Nach und nach wurde im Westen das Ausmaß der Situation bekannt, der Skiverband FIS drückte sich zuerst noch davor, die ausständigen Rennen abzusagen. Nachdem die skurrile Situation eintrat, dass zu einem Skicross-Event nur russische Athleten an den Start gingen, sagte man alle Events ab. Die Formel 1 sagte in weiterer Folge vorsorglich den September-Grand Prix ab, so gut wie alle größeren Events wurden abgesagt. Der russische Chelsea-Eigentümer Roman Abramowitsch zieht sich zurück, Manchester United beendete das Sponsoring mit Aeroflot.

Fast komplett ausgeschlossen

Am Montag schon stellte das Internationale Olympische Komitee (IOC) unmissverständlich fest: „Der Exekutivrat erörterte heute erneut das Dilemma, in dem sich die Olympische Bewegung derzeit nach dem Bruch des Olympischen Waffenstillstands durch die russische Regierung und die Regierung von Belarus durch ihre Unterstützung darin befindet.”

Die Fußballverbände FIFA/UEFA reagierten am Montag ebenfalls. Alle russischen Teams wurden ausgeschlossen, die Chance der Sbornaja auf die WM 2022 in Katar ist dahin, man wäre auf Polen, Tschechien und Schweden getroffen, die sich geweigert hatten, gegen die Russen zu spielen. Betroffen ist auch die Frauen-EM im Sommer in England, für die die Sportlerinnen qualifiziert gewesen wären.
Zudem beendete die UEFA das Sponsoring von Gazprom, das laut Medienberichten aktuell rund 33,5 Mio. Pfund bzw. knapp 40 Mio. € schwer war. ÖFB-Präsident Gerhard Milletich ließ zum Thema wissen: „Eine gemeinsame Stimme ist am lautesten und hat die größte Signalwirkung. So wird die Position des Weltfußballs einheitlich vertreten. Der Fußball steht in dieser schweren Zeit zusammen und zeigt sich solidarisch mit der ukrainischen Bevölkerung. Der Krieg Russlands gegen die Ukraine verstößt gegen alles, wofür die Werte des Sports und der Menschlichkeit stehen.”

Gegenstimmen

Doch einige Stimmen sprachen sich auch gegen diesen Totalausschluss Russlands (bzw. Belarus’) aus. RB Leipzig-Trainer Domenico Tedesco, der mit den Sachsen im Rahmen der Europa League gegen Spartak Moskau gespielt hätte, beim Klub von Lukoil-Manager Leonid Fedun früher selber Trainer, sagte: „Wenn die Frage nach einem Boykott kommt: Dabei trifft es meiner Meinung nach immer die Falschen. Es trifft in erster Linie die Sportler und die Fans.” Mit dieser Meinung ist er nicht alleine.

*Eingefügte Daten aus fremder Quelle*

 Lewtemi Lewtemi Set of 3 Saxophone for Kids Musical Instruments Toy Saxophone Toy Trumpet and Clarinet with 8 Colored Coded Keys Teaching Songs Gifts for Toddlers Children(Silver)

ÖSV-Präsidentin Roswitha Stadlober erklärte in ServusTV, dass eine andere Lösung besser wäre: „Wir finden es gut, wie die internationale Biathlon-Union es hält. Da heißt es unter neutraler Flagge, keine Nationenpunkte, aber doch starten zu können, weil die Sportler können ja de facto auch nichts dafür. Sie sind in dieser Familie ja auch involviert, das wäre unsere Vorgehensweise.” Allerdings schloss der Biathlonverband Russland und Weißrussland am Mittwoch aus, auch die Paralympics zogen mit. Der Tennissport erlaubte zu Redaktionsschluss noch das Antreten. Das ist die sportliche Seite; ein Zurückdrängen der Sponsorgelder aus fragwürdiger Quelle ist aber schwierig.

Nach Peking ist Katar

Der Sport hatte selten ein Problem mit autokratischen Systemen. Angefangen bei Olympia 1936 in Berlin, über die österreichische Fußballheldensaga in Cordoba bei der Fußball-WM in Argentinien 1978. Waren es 1936 die Nazis, regierte in Argentinien eine Militärdiktatur. Jüngst gingen zudem die Olympischen Winterspiele in Peking zu Ende.

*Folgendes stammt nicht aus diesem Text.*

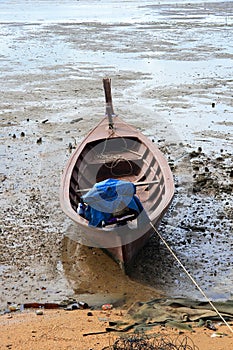 Old boat moored on beach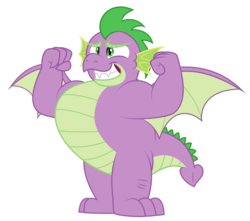 Size: 4217x3731 | Tagged: safe, artist:aleximusprime, spike, dragon, g4, adult, adult spike, chubby, fat, fat spike, flexing, gritted teeth, male, older, older spike, simple background, solo, strong fat, teeth, transparent background, vector, winged spike, wings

Im Fokus steht dabei die allgemeine Menschenrechtslage, Vorwürfe der Zwangsarbeit in Xinjiang, der Umgang mit Tibet oder der Demokratiebewegung in Hongkong. Der Internetriese Alibaba aus China zählt dennoch zu den Top-Partnern von Olympia, wie auch Visa. Eine Vertreterin der Bezahl­services sagte damals vor dem US-Parlament: „Wir sind gegen Völkermord, wo immer so etwas passiert.”
China wurde nicht genannt, das IOC nahm trotzdem das Geld, die globalen Sponsoren schmückten sich mit den Bildern aus dem autoritären China. Insgesamt lukriert das IOC im gegenwärtigen Zyklus, der Peking und die kommenden Sommerspiele in Paris umfasst, mehr als drei Mrd. USD. Und auch wenn sich der Weltfußball der Empfehlung des IOC anschloss, russische Klubs auszuschließen – die nächste WM steigt in Katar.
Dort sollen laut Medienberichten und NGOs mehrere Tausend Arbeiter bei der Errichtung der Wettkampfstätten ums Leben gekommen sein. Das Land ist eine totalitäre Monarchie, Qatar Airways seit 2007 FIFA-Sponsor. Das sind auch die chinesischen Unternehmen Vivo und Wanda, die neben „westlichen” Sponsoren wie Kia/Hyundai, Coca-Cola, Visa, Adidas, Budweiser oder McDonald’s auftreten. Wie verteidigt FIFA-Präsident Gianni Infantino die WM? „Wir müssen uns auch die Geschichte angucken, wo Länder herkommen. Fortschritt ist passiert, das wurde nicht nur von der FIFA, sondern auch von internationalen Organisationen festgestellt. Es ist ein Prozess. Aber das kann nur durch Dialog und Respekt passieren.”
Mit Katar rollt also das nächste problematische Großereignis auf die Sportwelt zu. Manche Verbindungen mit Russland mögen gekappt sein – eine ernsthafte Auseinandersetzung mit Sportwashing muss aber folgen, Geldquellen hinterfragt werden. Sonst waren die vergangenen Tage nur ein Symbol ohne Wert.